Roman Nosov did an interesting blamemap extension about what you point here last year. Guy Van den Broeck is working on a Visual Diff on this yeasr's SOC http://code.google.com/soc/2008/wikimedia/appinfo.html?csaid=9813DF0473619117
Very nice! A live demo is still up and running at http://91.186.7.138:9001/wiki/Freebsd?trackchanges=blamemap
Section "3. Page-level change tracking" of the Quality section of the Feature Map here: https://www.mediawiki.org/wiki/Feature_map#Quality:_Features_that_directly_support_quality_assurance.2C_assessment_and_labeling mention & link to WikiBlame, Daniel Kinzler's Contributors Script, PARC's WikiDashboard, and a few other tools that individuals can use to understand who contributed to a wiki article. Given the current options, what's the best way to move forward? Perhaps researchers who just want to cite an article's authors could use a user gadget that, for any article, generates a simple list of the authors' names and puts it on the revision history page. As for more complicated needs involving highlighting who-wrote-what, I'm not sure what the best option is.

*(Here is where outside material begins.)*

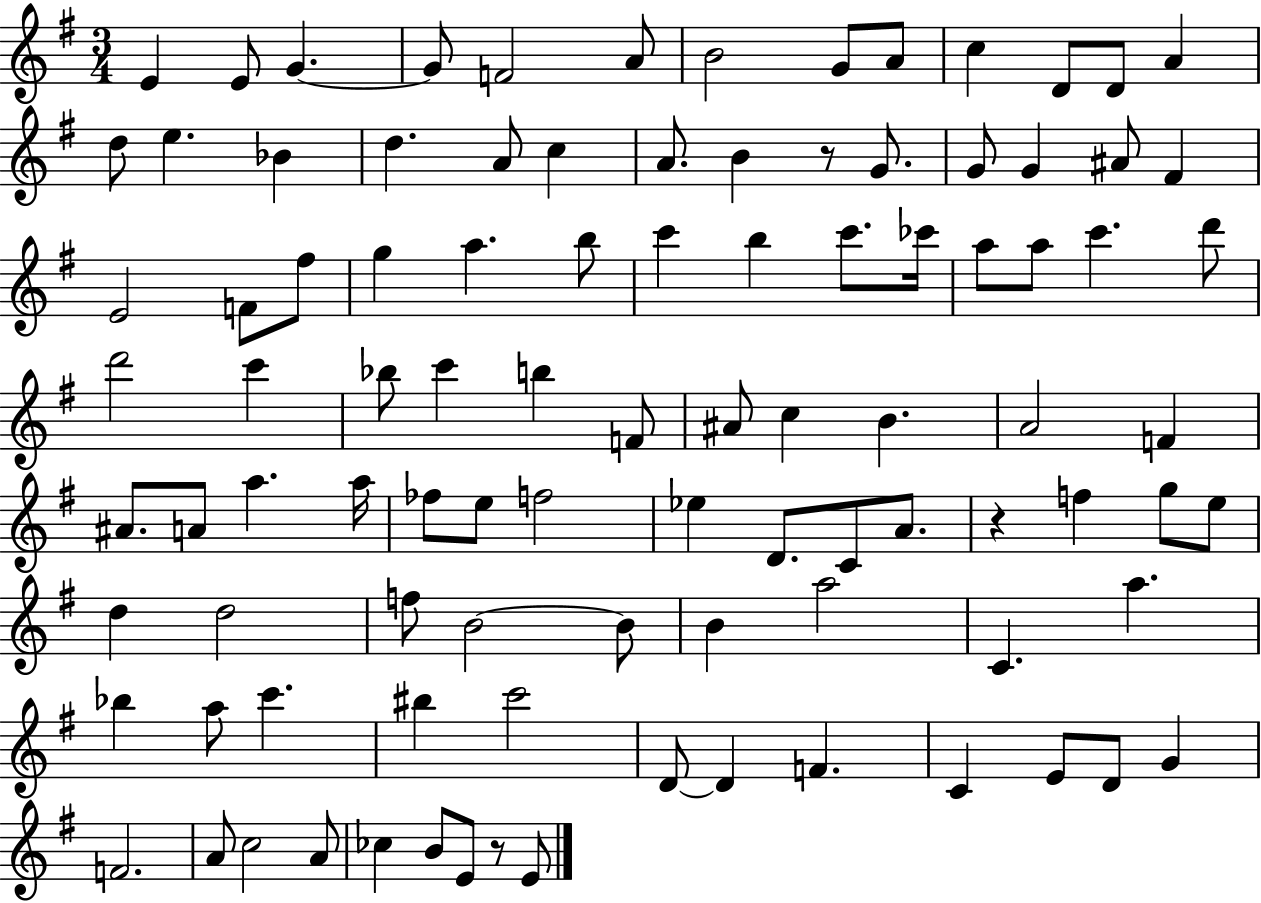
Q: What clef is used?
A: treble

*** Bug 23327 has been marked as a duplicate of this bug. ***
(In reply to comment #11) > As for more complicated needs involving > highlighting who-wrote-what, I'm not sure what the best option is. I've no idea what's the best option but WikiTrust did that and is seeking a new maintainer: http://lists.wikimedia.org/pipermail/wiki-research-l/2013-September/003068.html
(In reply to Rob Church from comment #7) > A straight count of all revisions in an article's history wouldn't be too > bad. > Grouping by username, etc. is where the fun comes in, however, since it's a > more > complicated and hence longer query; ultimately, performance is affected. Rob did this in https://www.mediawiki.org/wiki/Extension:Contributors around 2006; I'm adding Yaron, the current maintainer, to cc. Then we have action=credits in core. There are many ways to approach this bug, inside or outside core. The two main lines of work in core can be seen here: https://bugzilla.wikimedia.org/showdependencygraph.cgi?id=39533&showsummary=on&display=tree&rankdir=TB The most advanced features are unlikely to be implemented in core but it's useful to have a map of existing and possible work; I hope the graph above helps.